What an 'orphan' planet can tell us about how star systems form

The farthest-orbiting exoplanet has been discovered by astronomers.

Mario Anzuoni/REUTERS
Professor of Planetary Astronomy Mike Brown speaks in front of a computer simulation of the probable orbit of Planet Nine (yellow) at the California Institute of Technology in Pasadena, California January, 2016. The solar system may host a ninth planet that is about 10 times bigger than Earth and orbiting far beyond Neptune, according to research published on Wednesday.

When researchers first found 2MASS J2126, they thought that it was a free floating planet. Earlier this month, however, a team of researchers published a paper in the Monthly Notices of the Royal Astronomical Society that indicated that the lonely “young object” was not an orphan after all.

Instead, scientists say that 2MASS J2126 may be the widest orbit exoplanet ever discovered. The planetary mass does have a star – it is just 621 billion miles away.

2MASS J2126 is a gas giant, like Jupiter or Uranus in our own system. Its orbit is so huge that it would take approximately 900,000 years for the planet to orbit its star, named TYC 9486-927-1.

Although astronomers discovered 2MASS J2126 nearly a decade ago, it was not until 2014 that researchers classified the body as a potential member of a star group called the Tucana Horologium Association. After lithium dating, scientists were not able to confirm that either 2MASS J2126 or TYC 9486-927-1 were members of any known star group, making the pair even more unique than previously imagined.

Scientists knew that 2MASS J2126 and TYC 9486-927-1 existed independently of one another prior to the recent discovery. It was that the two bodies were both located approximately 104 light years from our sun that suggested to researchers that there might be more to their relationship than previously imagined.

According to lead researcher Dr. Niall Deacon, “both the members of it [the planetary system] have been known for eight years, but nobody had made the link between the objects before. The planet is not quite as lonely as we first thought, but it's certainly in a very long distance relationship."

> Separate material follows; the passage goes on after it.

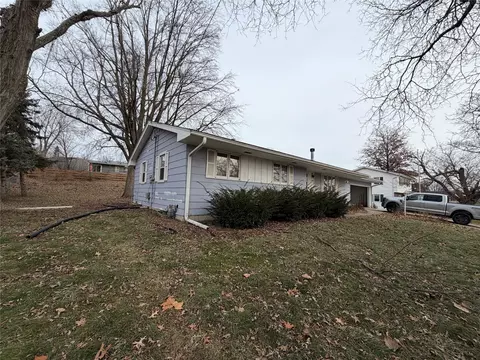 1206 S 16th Ave W, Newton, IA 50208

In order to fall within the category of a very wide orbit system, exoplanets must be more than 1000 astronomical units (AU) from their star, a feat which only four have achieved. 2MASS J2126 is more than 4,500 astronomical units (AU) from its star. In contrast, the next largest very wide orbit exoplanet is 2,000 AU from its star.

Australian researcher Dr. Simon Murphy said, "how such a wide planetary system forms and survives remains an open question.”

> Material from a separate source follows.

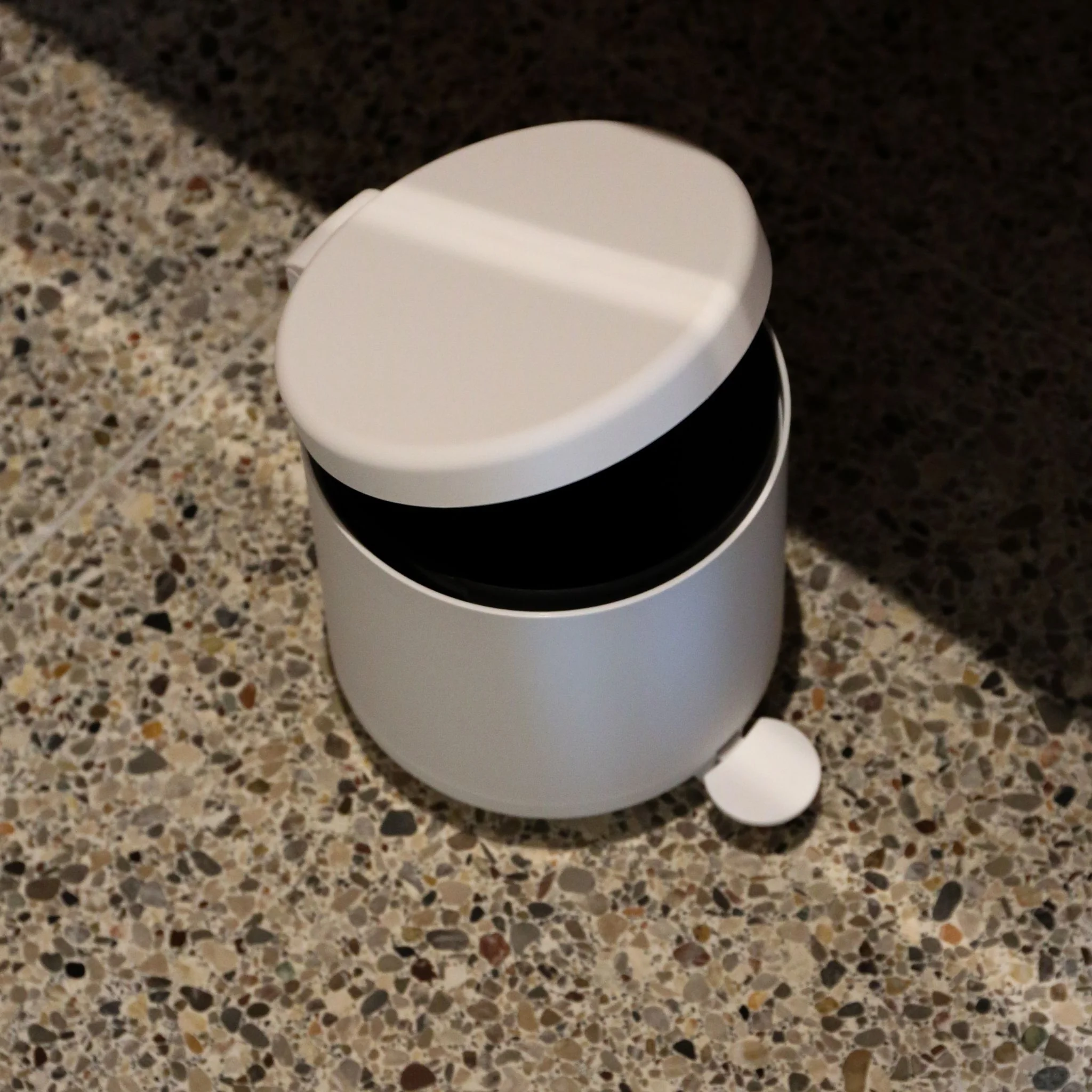 ZONE DENMARK Ume Pedal Bin Soft Touch 4L, White - Image 4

This discovery is not only astronomically significant due to the distance between 2MASS J2126 and its star, but because it raises questions about the ways in which astronomers think about planetary system formation.

According to Dr. Murphy, “There is no way it formed in the same way as our solar system did, from a large disc of dust and gas.”

Although researchers are not quite sure yet how the pair formed, they believe that both 2MASS J2126 and its star were possibly created by a strand of gas that pushed them together between 10 and 45 million years ago.

Murphy said in a press release, that despite the recently discovered link between 2MASS J2126 and TYC 9486-927-1, they are, “so tenuously bound together that any nearby star would have disrupted their orbit completely.”

This likely means that their neighborhood is not very crowded. Scientists believe that wandering rogue planets, 2MASS J2126’s previous classification, may be the result of gravitational struggles for position within young star systems.

There could be others like 2MASS J2126- distant planets, far from their stars. But for now, the very wide orbit planet is unique.